Fine di settimana di passione perla Sicilia, alla prese con un'emergenza incendi particolarmente grave che ha investito quasi tutte le province. Nel Palermitano, soprattutto, dove i residenti della campagne di Ciminna sono stati costretti alla fuga dalle loro villette, e nell'Agrigentino, con un resort turistico evacuato. Drammatica la conta dei danni, con ettari di macchia mediterranea in fumo. Ed in questa coda torrida dell'estate i roghi hanno investito anche Sardegna, Abruzzo, Campania e Puglia, dove è tornato a bruciare il bosco di Alberona.

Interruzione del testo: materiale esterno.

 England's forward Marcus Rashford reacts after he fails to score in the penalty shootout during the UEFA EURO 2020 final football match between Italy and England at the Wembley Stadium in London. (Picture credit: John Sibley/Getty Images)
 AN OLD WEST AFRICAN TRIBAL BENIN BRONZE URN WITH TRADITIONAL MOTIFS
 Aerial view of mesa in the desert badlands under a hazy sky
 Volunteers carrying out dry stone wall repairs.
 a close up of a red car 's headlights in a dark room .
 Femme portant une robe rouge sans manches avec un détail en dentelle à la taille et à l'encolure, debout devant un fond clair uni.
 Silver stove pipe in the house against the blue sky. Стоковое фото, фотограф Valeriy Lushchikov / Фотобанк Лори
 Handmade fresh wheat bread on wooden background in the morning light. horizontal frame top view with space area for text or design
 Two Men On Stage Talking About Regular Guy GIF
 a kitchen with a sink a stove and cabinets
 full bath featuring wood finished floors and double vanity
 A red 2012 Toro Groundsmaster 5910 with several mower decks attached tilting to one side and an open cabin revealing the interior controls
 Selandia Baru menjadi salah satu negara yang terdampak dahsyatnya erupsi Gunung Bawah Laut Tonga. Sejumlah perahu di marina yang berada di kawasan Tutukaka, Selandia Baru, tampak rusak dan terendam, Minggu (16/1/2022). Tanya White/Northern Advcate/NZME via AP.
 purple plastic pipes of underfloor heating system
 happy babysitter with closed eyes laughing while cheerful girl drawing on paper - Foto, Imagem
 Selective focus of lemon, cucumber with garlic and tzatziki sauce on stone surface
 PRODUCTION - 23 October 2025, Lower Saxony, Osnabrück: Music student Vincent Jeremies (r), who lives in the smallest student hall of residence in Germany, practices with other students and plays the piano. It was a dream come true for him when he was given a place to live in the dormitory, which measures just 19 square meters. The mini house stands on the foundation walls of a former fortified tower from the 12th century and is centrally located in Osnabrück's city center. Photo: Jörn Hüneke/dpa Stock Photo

Con temperature da bollino rosso e punte di oltre 40 gradi nell'entroterra che alimentano i roghi, quasi sempre dolosi, i vigili del fuoco sono stati costretti a fare gli straordinari in tutta la Sicilia. Situazione critica nei comuni palermitani di Ciminna e Ventimiglia, che per ore hanno affrontato le fiamme che hanno distrutto la vegetazione locale e minacciato ville, case e strutture, provocando anche danni ad aziende agricole e dagli impianti elettrici e telefonici di diverse altre località della zona. "Abbiamo visto le fiamme partire da lontano e avvicinarsi sempre di più, poche ore e siamo dovuti fuggire", è stata una delle testimonianze. I roghi sono andati avanti per tutta la notte tra sabato e domenica ed i sindaci hanno invitato a non uscire, per la densa coltre di fumo che rendeva l'aria irrespirabile.
Un giovane di 26 anni è rimasto gravemente ustionato nel tentativo di proteggere la sua campagna. Un pensiero alle sue condizioni è stato rivolto dall'arcivescovo di Palermo, mons. Corrado Lorefice, che ha deciso di celebrare messa proprio a Ciminna come segnale di vicinanza "per quanti vivono le tremende conseguenze di questo inclemente incendio". Il sindaco Vito Filippo Barone ha chiesto alla Regione lo stato di calamità, ma ha denunciato i "pochi mezzi messi a disposizione".
Nel resto dell'isola i focolai hanno preso di mira il Nisseno, il Trapanese e il Messinese, a partire da una vasta zona del territorio della piccola cittadina di Castelmola, che si affaccia su Taormina. In provincia di Agrigento ha bruciato per diverse ore Menfi. A Sciacca, in località Makauda, dove si trova una grossa struttura ricettiva, circa 500 persone che sono state sfollate in spiaggia. Sei persone, fra cui un neonato, sono state portate al pronto soccorso perché intossicate dal fumo. Domenica si sono registrate ancora decine di interventi dei vigili del fuoco, forestale e della protezione civile. Roghi concentrati nella Sicilia orientale, dal Siracusano al Messinese: ci sono stati momenti di apprensione nella provincia di Catania, in zona Acireale, con le fiamme che si sono sviluppate in prossimità di un deposito di gas.